Building a Second Brain by Tiago Forte [8/10]
Forever a consumer of potentially useful self-help books, I was drawn to ”Building a Second Brain: A Proven Method to Organise Your Digital Life and Unlock Your Creative Potential out of a fascination with how to source and use data. I also opened the book with skepticism, for this is not a topic known for new ideas. Yet Tiago Forte, an analyst, has developed and honed a “system” with tangible chops. In essence (and here I simplify to the point of possible distortion), the author recommends coping with the modern world’s overloaded data flows by taking digital notes on everything, curating and distilling them as you go, and then harnessing digital apps and folders (and a sensible methodology) to transform raw data (both external and internal, i.e. instincts and impressions) into highly effective creative work. I use a similar process (including some of his shortlisted apps) but with markedly lower efficiency and regularity, so during my reading, i could not help but be filled with respect for the “system.” I commend Building a Second Brain to all those keen to master life for creative purposes.
Wild Abandon by Emily Bitto [8/10]
The Strays, Emily Bitto’s whirlwind tale of avant-garde artists in 1930s Australia, left an abiding impression upon me. “Wild Abandon” offers a vastly different narrative, both in content and style, but cements the author’s status as one of Australia’s most ambitious, serious novelists. The novel, written in a grandiose (yet grounded) style that reminded me of both Updike and DeLillo, takes enormous risks and succeeds grandly. Like a modern-day Nick Carroway, naive Australian Will, reeling from hometown heartbreak, embarks on a end-of-days adventure through end-of-days, capitalistic America in 2011. From his druggy excesses in glittering New York, Will ends up as a barely-competent assistant to a PTSD-damaged U.S. veteran coping (almost) with a misfit menagerie of exotic wild beasts in remote rural Ohio. From the start, Will lurches from mishap to mishap, heading for the big crash.

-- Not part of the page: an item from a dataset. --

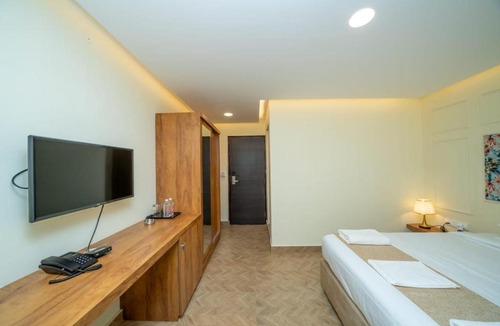 Bengaluru Hotel | The Clock Tower Inn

The author’s capacious style soars over the modern and rural landscapes. The portrayals of the lions, wolves and other animals in their cages is magnificent, conveying their raw power, majesty, and beauty. The author does not hesitate to swing from an immersive, lyrical view from Will’s unschooled viewpoint into snap portraits of Will by those he meets, and these disjunctive flights of storytelling are most impressive, reminding me of Rushdie at his best. The plot of Wild Abandon is both luxuriant and relentlessly tense, and the eventual denouement of Will’s road trip is stunning.
Wild Abandon will surely win awards, local and overseas.
In Love by Amy Bloom [8/10]
When distinguised American novelist Amy Bloom began to notice memory slippage, subtle (and then not so subtle) withdrawal from his usual zestful life, she did nothing, and then there came the MRI and the neurologist’s verdict of early onset Alzheimer’s. “I’d rather die on my feet,” husband Brian says, ”than live on my knees,” and ”In Love: A Memoir of Love and Loss” is Bloom’s candid, spirited memoir of the 2020 trip to Switzerland into the embrace of Dignitas, one only a couple of global organizations that enables people to end their own lives with forethought and dignity. Minutely describing the trip, while ducking back in time to the diagnosis phase and the drawn-out period when Bloom battles to find a solution (none is remotely available in the United States), the memoir is simultaneously heart-breaking, refreshingly informative, and humorous, and the author is a lovely, close-up stylist with firm narrative control. In Love is a pacy read that will leave you in tears but also drenched with joy at the love Amy and Brian had.